At the time, much of the College architecture familiar and famous worldwide today did not exist. Trinity historian G M Trevelyan wrote in Trinity College: An Historical Sketch (1943):

The Great Court did not exist and the famous areas that it has enclosed since the reign of Elizabeth was then traversed by two public thoroughfares…the ground was split up into various small ownerships; orchards, gardens and fields where cattle and horses grazed were divided from one another by green hedges or ditches full of water, while here and there rose a thatched roof of a house or barn.

The original 10 King’s Scholars grew to 32 by 1319 and the College, the largest of the Cambridge colleges in the fourteenth century, had its own baker and brewer, and kept pigeons, swans and bees. King’s Hall prospered – notwithstanding the effects of fever and plague on the scholars – and became the first royal ‘colony’ in an English University.

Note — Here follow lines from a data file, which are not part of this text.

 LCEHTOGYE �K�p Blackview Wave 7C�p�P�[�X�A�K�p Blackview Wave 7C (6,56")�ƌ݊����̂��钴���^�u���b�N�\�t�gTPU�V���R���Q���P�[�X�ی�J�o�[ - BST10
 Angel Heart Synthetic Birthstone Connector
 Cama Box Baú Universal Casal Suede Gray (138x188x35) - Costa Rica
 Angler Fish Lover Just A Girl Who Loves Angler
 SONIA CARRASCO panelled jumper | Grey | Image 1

Of the few buildings to survive from that era are parts of the Master’s Lodge. When Henry VIII merged King’s Hall and Michaelhouse in 1546 to form the College of the Holy and Undivided Trinity, the stage was set for a further evolution of the College.

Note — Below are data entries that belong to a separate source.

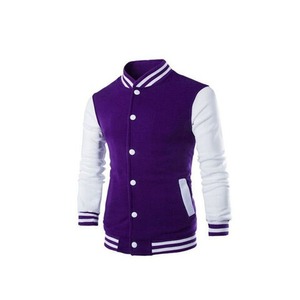 New Arrival Fashionable Professional Quality Winter Top Trend Streetwear Outwear Sport Wear Breathable <b>Canvas</b> Front Men Varsity - Product Image 3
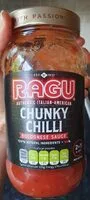 Mängden socker i Ragu chunky chilli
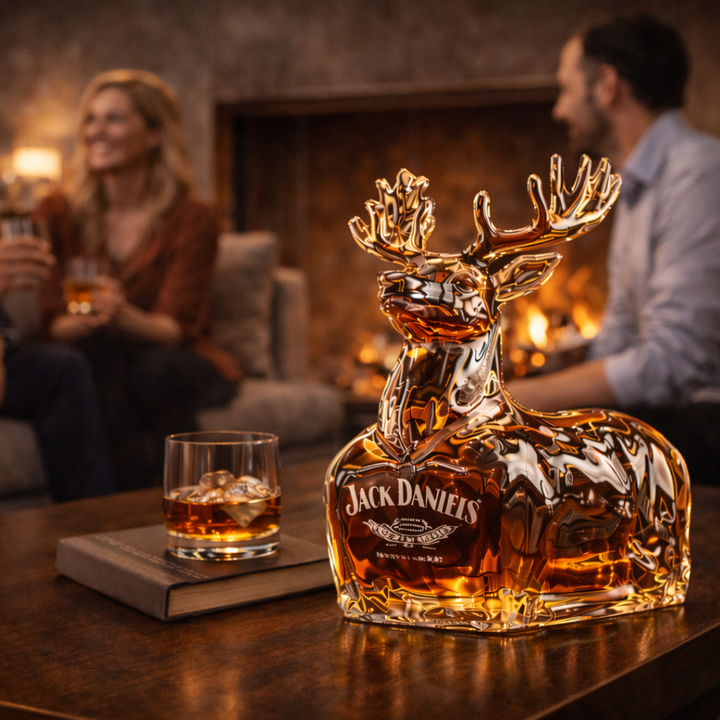 Jack Daniel's Whisky Üveg - Lenyűgöző Rénszarvas Limitált Kiadás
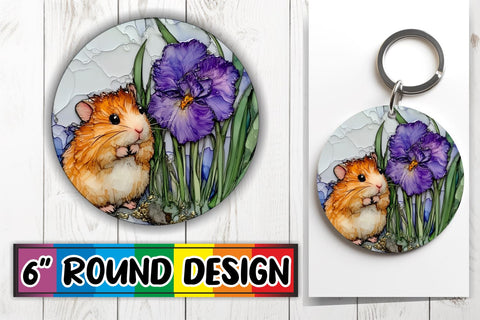 15x Round Design Keychain Set , Animals Sublimation afrosvg 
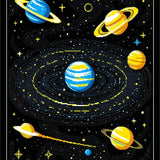 Cosmic Colorful Celestial Design(Black)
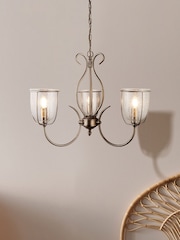 Searchlight Antique Brass Hendricks 3 Light Ceiling Light - Image 1 of 4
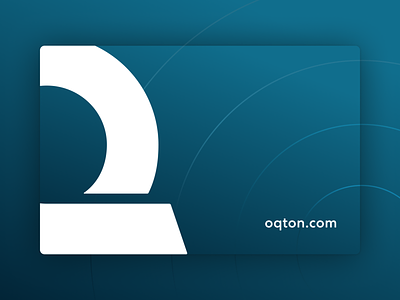Oqton Business Cards brand identity branding business cards graphic design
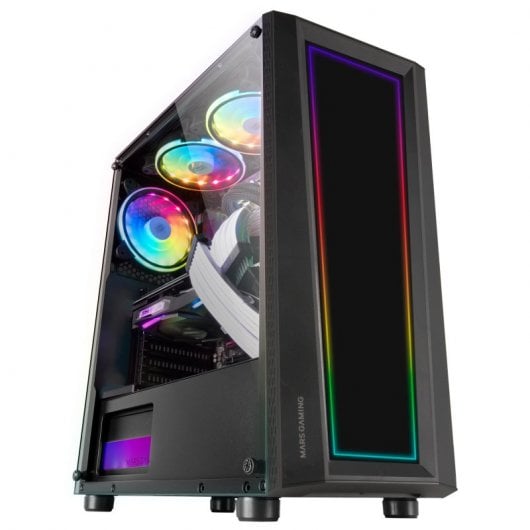 Mars Gaming MC-ART FRGB  Cristal Templado USB 3.0 Negra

All are welcome to attend the conference. To reserve a place for the academic presentations, which will be given in the Old Combination Room, please email Professor Marenbon: jm258@cam.ac.uk

There is no need to RVSP for the public lectures, which are as follows:

4 July at 4.30pm: King’s Hall and Michaelhouse in the Context of Fourteenth-Century Cambridge, by William Courtenay.

5 July at 5pm:  Thinking Inside and Outside the Universities in the Fourteenth Century, by Philip Knox and John Marenbon.

The public lectures take place in Trinity’s Winstanley Lecture Theatre.

Accompanying the conference, the Wren Library will display a selection of archival documents from the King’s Hall, charting its history and development from 1317 until its re-founding as part of Trinity College in 1546.